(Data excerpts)
--

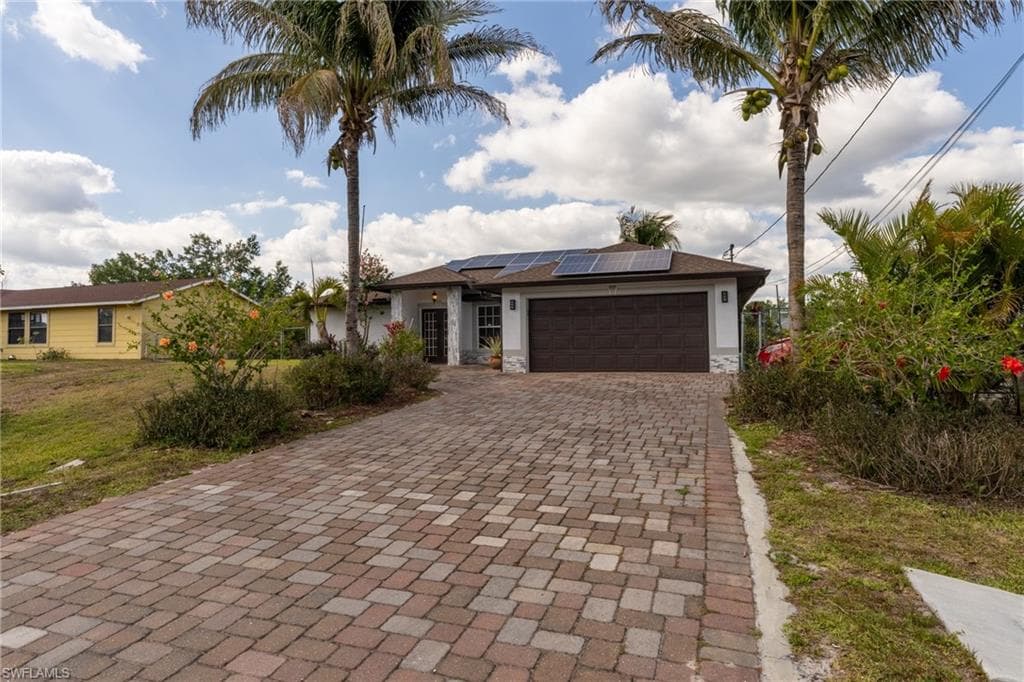 3316 15th ST W LEHIGH ACRES, FL 33971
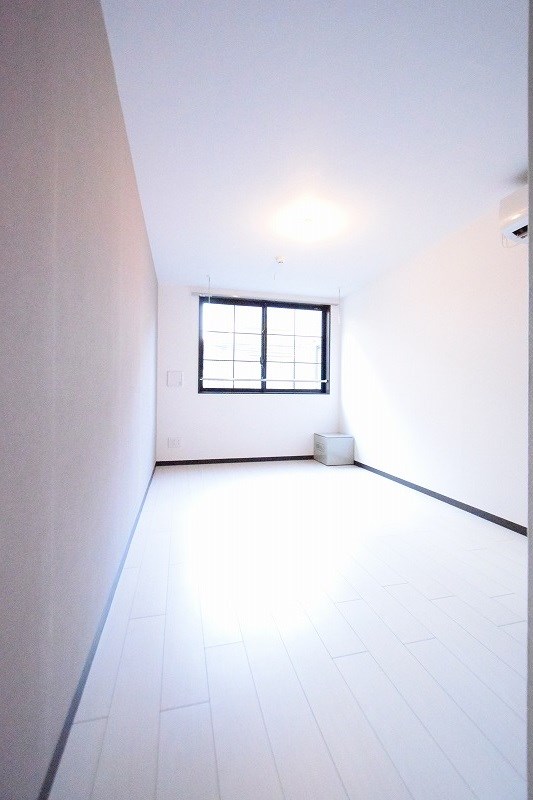 居室・リビング　同物件別間取りのお部屋です。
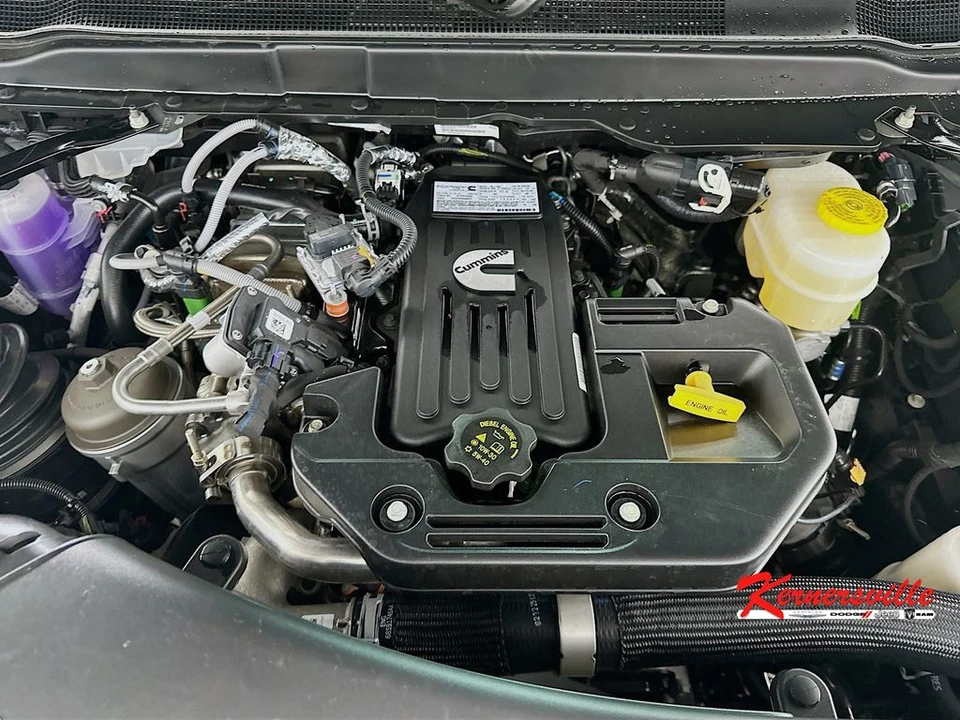 2026 Ram 3500 - Image 17 of 20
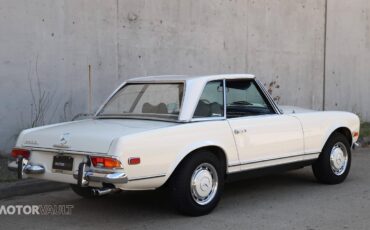 Mercedes-Benz-SL-Class-1969-Convertible-21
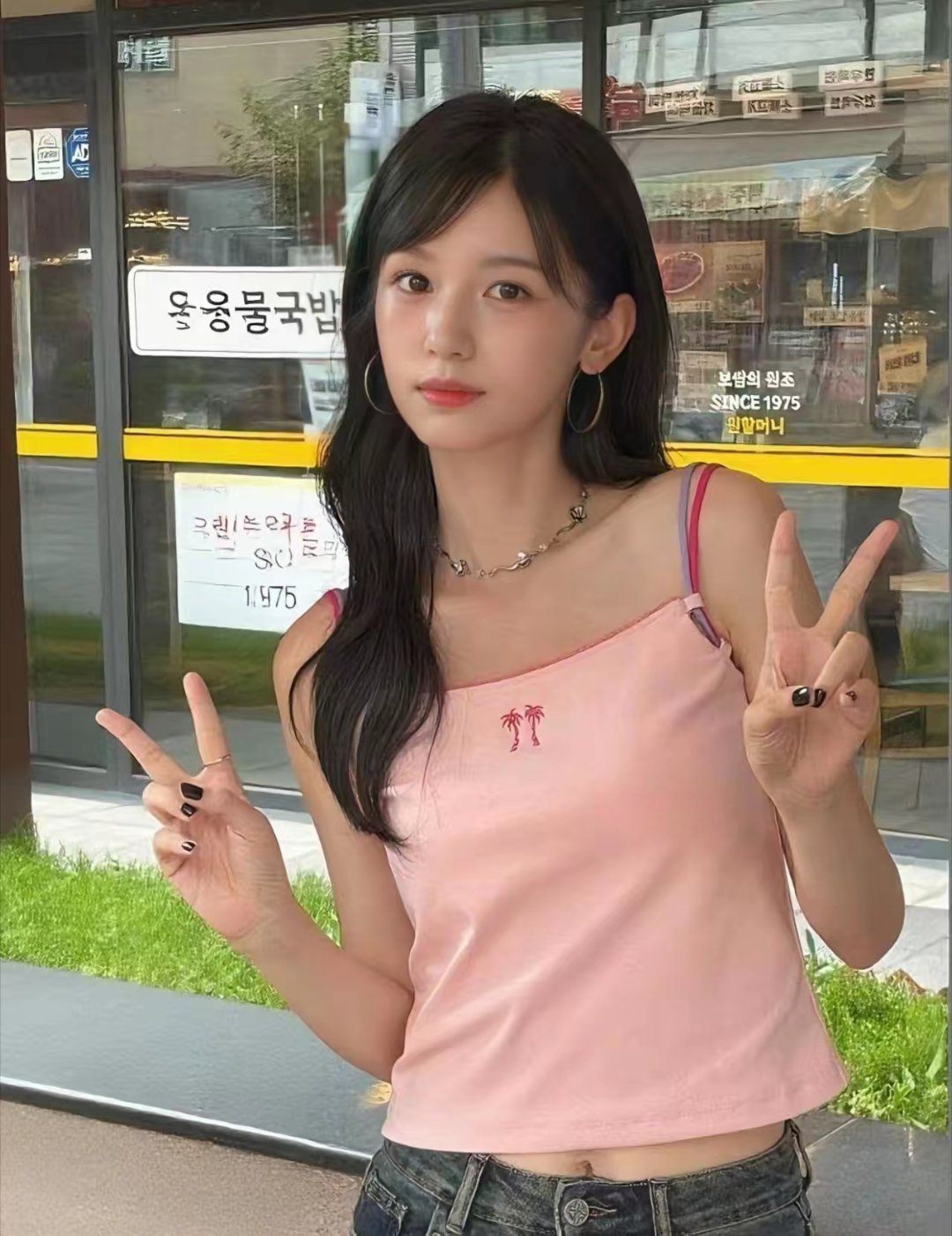 这么锤的恋情视频没得洗了，演员谈恋爱不是很正常吗更何况是周也这么漂亮的。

--

All of the data above needs to be given again exactly. Leave out each image.

→ RESPONSE AREA:
 3316 15th ST W LEHIGH ACRES, FL 33971
 居室・リビング　同物件別間取りのお部屋です。
 2026 Ram 3500 - Image 17 of 20
 Mercedes-Benz-SL-Class-1969-Convertible-21
 这么锤的恋情视频没得洗了，演员谈恋爱不是很正常吗更何况是周也这么漂亮的。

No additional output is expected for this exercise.